1972 Portuguese Guinea National Assembly election
- 91 of 120 seats of the National Assembly 61 seats needed for a majority
- This lists parties that won seats. See the complete results below.
| Party |  | Leader | Vote % | Seats | +/– |
|  | PAIGC | Amílcar Cabral | 96.97 | 91 | New |
- Results by region

= 1972 Portuguese Guinea National Assembly election =

Indirect elections to a National Assembly were held in the parts of Portuguese Guinea held by the rebel African Party for the Independence of Guinea and Cape Verde (PAIGC) between August and October 1972, but not in the Portuguese-controlled areas of Bissau, Bolama, the Bijagós Islands and Bafatá.

A single list of PAIGC candidates for Regional Councils was approved by 97% of voters with a 93.4% turnout. The number of people voting was approximately 32% of the voting-age population.

==Electoral system==
Voters elected 273 members of 11 regional councils. The elected councillors then convened to elect 91 members of the 120-seat National Assembly. The remaining 29 seats were to represent the four regions still under Portuguese control, and these members were chosen by the PAIGC.
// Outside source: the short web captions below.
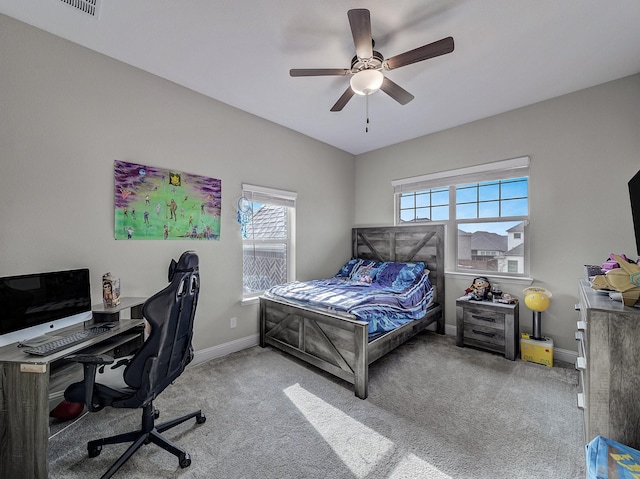 bedroom with light carpet and ceiling fan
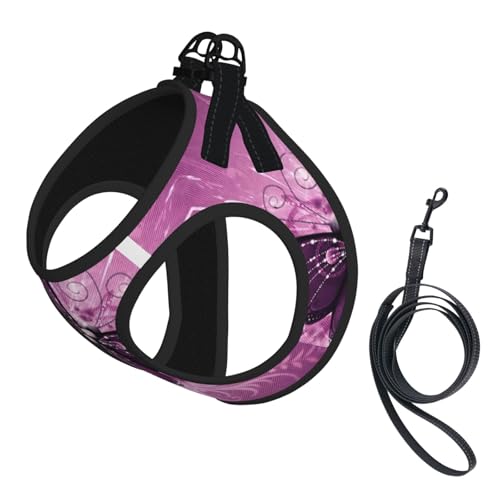 Hundegeschirr mit Leine, Schmetterlingsdruck, verstellbar und reflektierend, für Welpen, Haustiere Hundegeschirr mit Leine, Schmetterlingsdruck, verstellbar und reflektierend, für Welpen, Haustiere von JIUTY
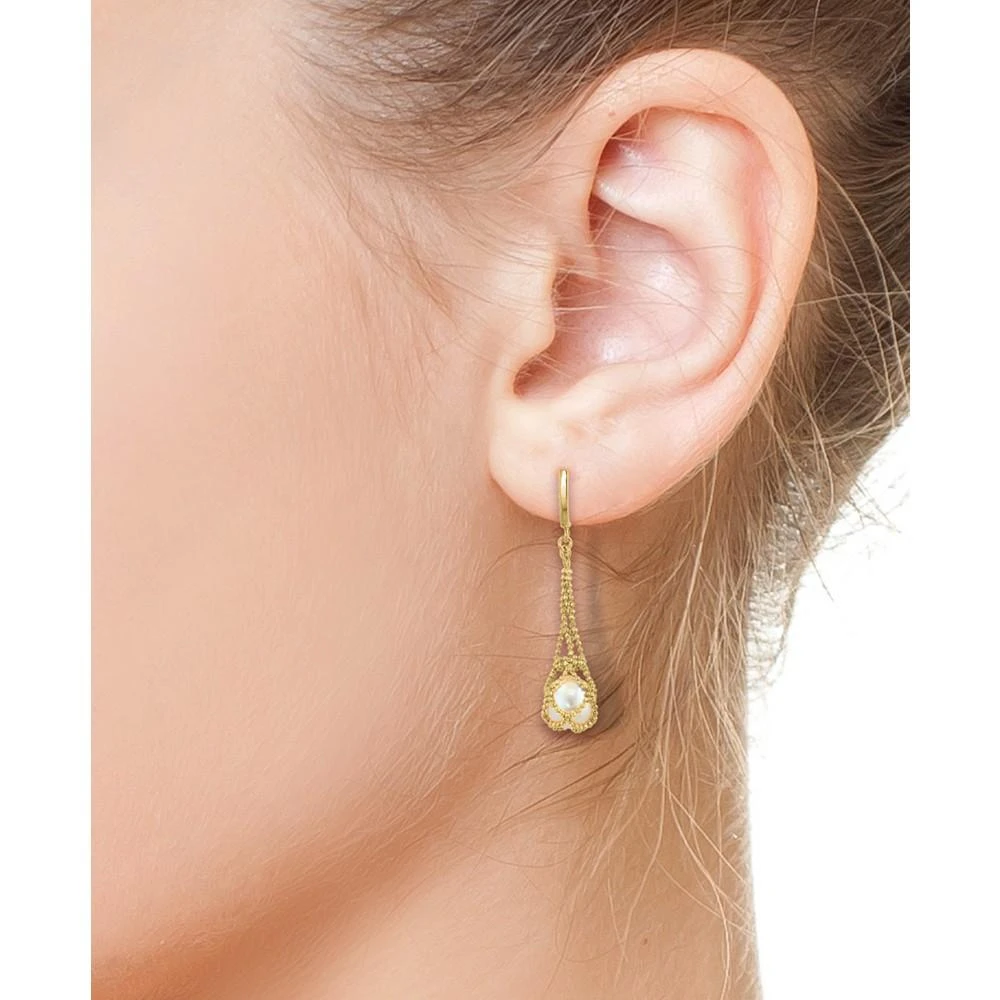 商品Effy|EFFY® Cultured Freshwater Pearl (10mm) Drop Earrings in 18k Gold Over Sterling Silver,价格¥1924,第2张图片详细描述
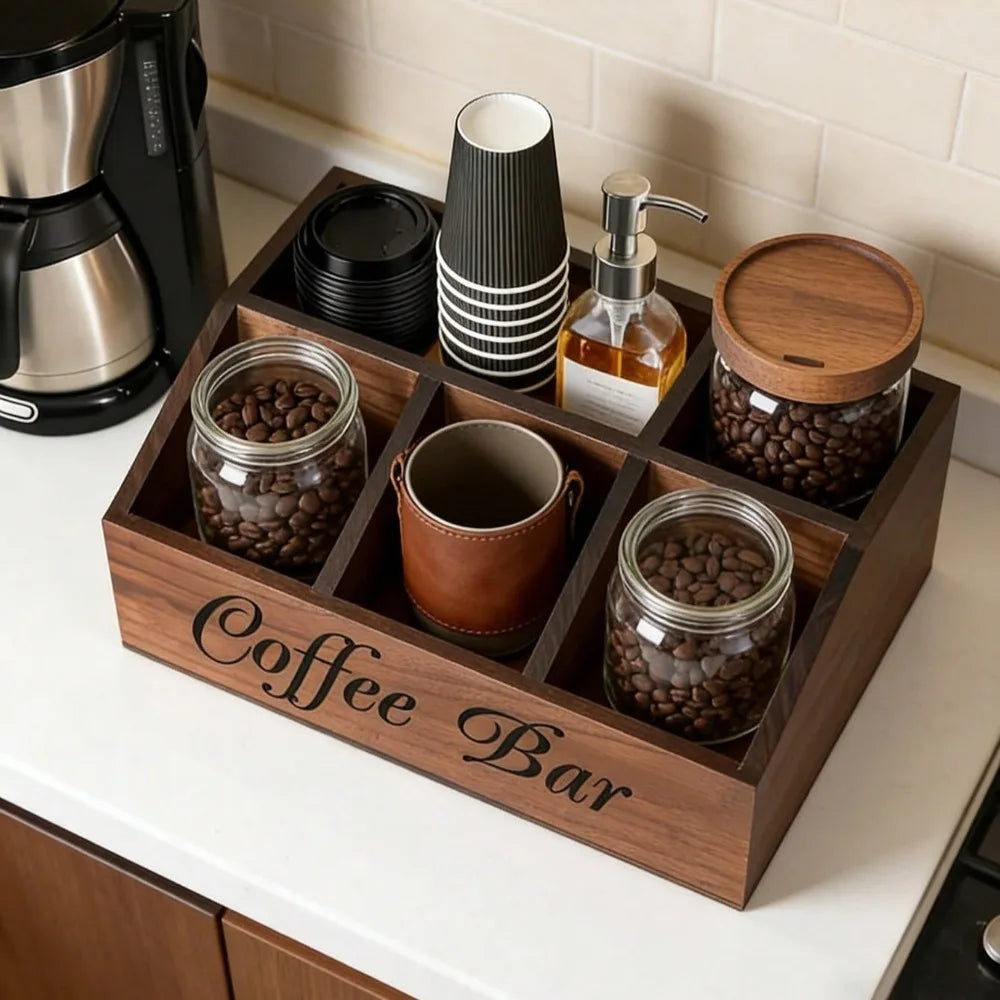 Wooden Coffee Station Organizer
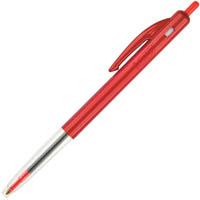 bic clic retractable ballpoint pen 1.0mm red box 10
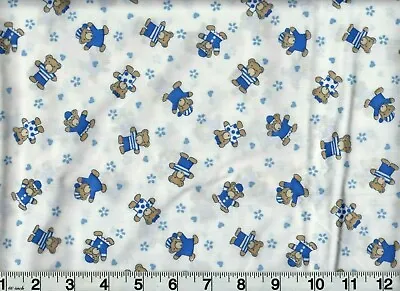 Vintage Teddy Bear Fabric Bears And Hearts On White OOP Free Shipping • $6.29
The elections took six weeks, with ballot papers carried around the country on foot. The ballot papers had been printed in neighbouring Guinea.

==Results==

| Party |  | Votes | % | Seats |
|  | African Party for the Independence of Guinea and Cape Verde | 75,163 | 96.97 | 120 |
| Against |  | 2,352 | 3.03 | – |
| Total |  | 77,515 | 100.00 | 120 |
| Registered voters/turnout |  | 83,000 | – |  |
Source: Nohlen et al.

==Aftermath==
The new National Assembly met for the first time in Boe on 24 September 1973.